If you combine all these options with growing food more locally, upgrades to rail networks, telecommuting, electric freight vehicles, buses etc the transport task will shrink its energy requirements by over 80%.

It is not just about supplying the same amount of energy via solar and wind it is about cutting the huge energy waste which is the bulk of the job. 

Upon some of the revelations of your other recent post and the subject of deception and some of its positive aspects. Sort of like the best way to cease smoking is to do more of it while paying close attention to how it makes you feel. 
I suggest an alternative strategy or approach other than being absolutely truthful, fact driven while exposing all the rational reasons why we should change, (that has been tried and I don't think you enjoy banging your head against a wall). Suggesting the opposite, the absurd. I think you have the mind and the now I know you have spiritual sense to fill in these blanks.

Maybe the most success isn't exposing the deception its creating your own.  

R

Good work Chris,
You will obviously be delivering a message that the council will have difficulty receiving. The reaction should be a good litmus test of how this predicament will play out as regards global leadership.

The other day I was going through my old book library and came across a copy of  'The National Energy Plan' authored by Jimmy Carter in 1977. It lays out a course of action very similar to todays narrative regarding the need to limit our use of fossil fuels … or dire consequences await. Of course we know how that worked out. As a populace we remain in denial.

If someone wanted to know what life would be like with an 80% reduction in energy, take your electric and gas bill and calculate the amount you use and then turn off your meter main switches when you reach that number for the month. And stop driving your car when you have consumed 20% of your usual allotment. The present time good news is that you could simply flip the switch back on if you got into trouble … which most of us would IMHO.

I think things like lawns and electric lawnmowers, driveway blowers, heatpumps and rototillers would switch to vegetable patches, rakes and hoes and natural ventilation rather quickly. But available water and good soil ultimately will be an absolute necessity as the energy noose tightens.

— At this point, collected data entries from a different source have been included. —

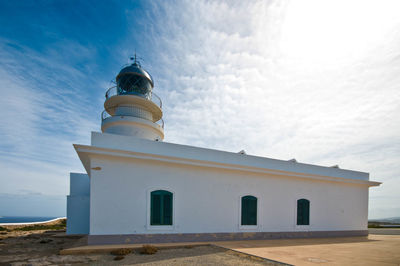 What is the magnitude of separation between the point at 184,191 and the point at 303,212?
6.60 m

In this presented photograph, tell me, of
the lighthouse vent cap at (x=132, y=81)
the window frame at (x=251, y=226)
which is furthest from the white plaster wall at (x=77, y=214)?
the window frame at (x=251, y=226)

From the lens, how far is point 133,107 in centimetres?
1150

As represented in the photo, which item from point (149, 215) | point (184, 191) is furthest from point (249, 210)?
point (149, 215)

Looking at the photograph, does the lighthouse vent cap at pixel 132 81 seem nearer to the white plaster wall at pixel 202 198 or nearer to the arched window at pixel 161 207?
the white plaster wall at pixel 202 198

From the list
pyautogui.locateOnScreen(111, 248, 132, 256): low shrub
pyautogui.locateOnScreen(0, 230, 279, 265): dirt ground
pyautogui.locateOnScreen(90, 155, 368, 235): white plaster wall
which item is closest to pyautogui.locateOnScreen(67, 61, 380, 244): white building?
pyautogui.locateOnScreen(90, 155, 368, 235): white plaster wall

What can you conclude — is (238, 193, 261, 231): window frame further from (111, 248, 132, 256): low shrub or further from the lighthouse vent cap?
the lighthouse vent cap

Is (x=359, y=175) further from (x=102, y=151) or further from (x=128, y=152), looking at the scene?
(x=102, y=151)

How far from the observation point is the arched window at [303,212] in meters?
10.6

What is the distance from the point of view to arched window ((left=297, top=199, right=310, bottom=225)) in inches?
417

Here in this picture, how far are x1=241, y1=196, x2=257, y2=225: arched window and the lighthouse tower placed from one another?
A: 5374 mm

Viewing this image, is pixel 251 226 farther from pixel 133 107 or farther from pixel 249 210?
pixel 133 107

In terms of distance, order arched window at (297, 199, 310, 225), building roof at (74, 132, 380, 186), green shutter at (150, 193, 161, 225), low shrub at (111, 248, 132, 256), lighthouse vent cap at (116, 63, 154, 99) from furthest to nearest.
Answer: lighthouse vent cap at (116, 63, 154, 99) < arched window at (297, 199, 310, 225) < green shutter at (150, 193, 161, 225) < building roof at (74, 132, 380, 186) < low shrub at (111, 248, 132, 256)

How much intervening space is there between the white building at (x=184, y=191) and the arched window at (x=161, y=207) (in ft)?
0.12

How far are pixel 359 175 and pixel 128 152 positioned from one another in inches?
537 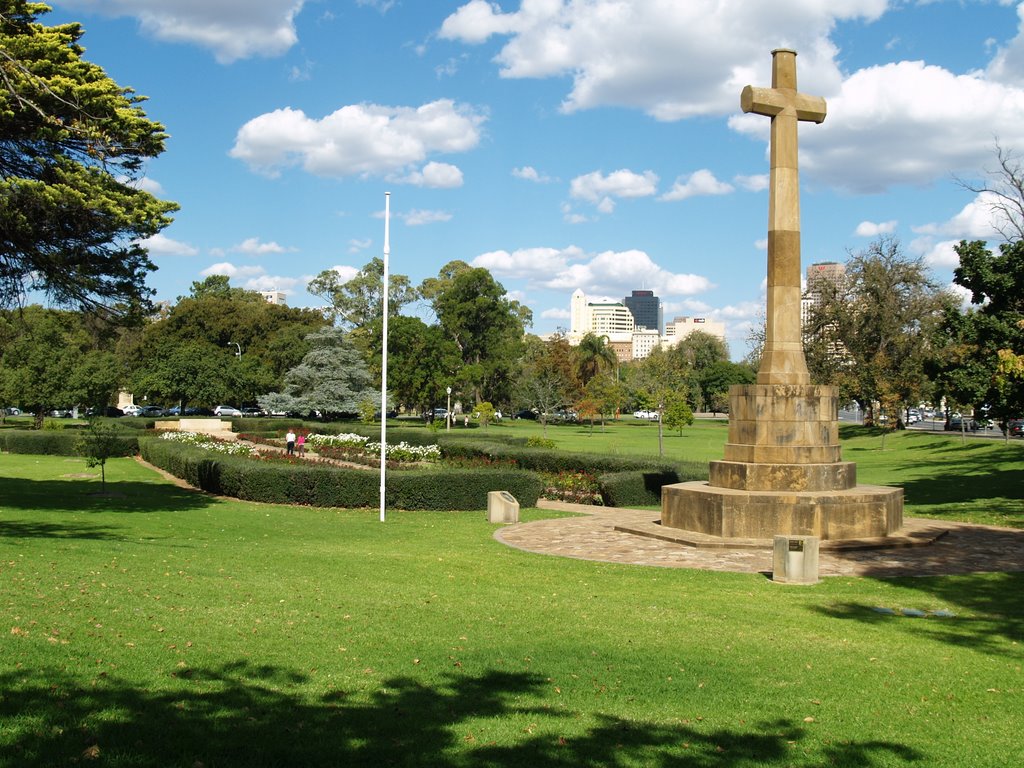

I am very interested to hear how your visit goes. At the very least we know that there will be some discomfort from council members. Let's hope so anyway!

Coop

[quote=Professor Jones]

The numbers you start dealing with become so large that they are difficult to comprehend,."

[/quote]
 
Al Bartlett would be pleased with your efforts.
 
I have two hybrids and a European style scooter that I ride exclusively when weather permits.    
 
Some retirees in Arizona drive Hybrids, but many more drive trucks, SUVs and muscle cars.  We've even seen a few of these running around.  They sell at RV centers and go for around $100K.  Their retiree owners seem to use them for day sightseeing trips.
 
 
I moved last fall, so this year I get to start a garden again.  I'm also going to look for people giving away old thermopane windows to build a greenhouse with.  
 
Increased attic insulation and storm windows for over my thermopane windows are on the list, as is an alternative heat source, but probably next year.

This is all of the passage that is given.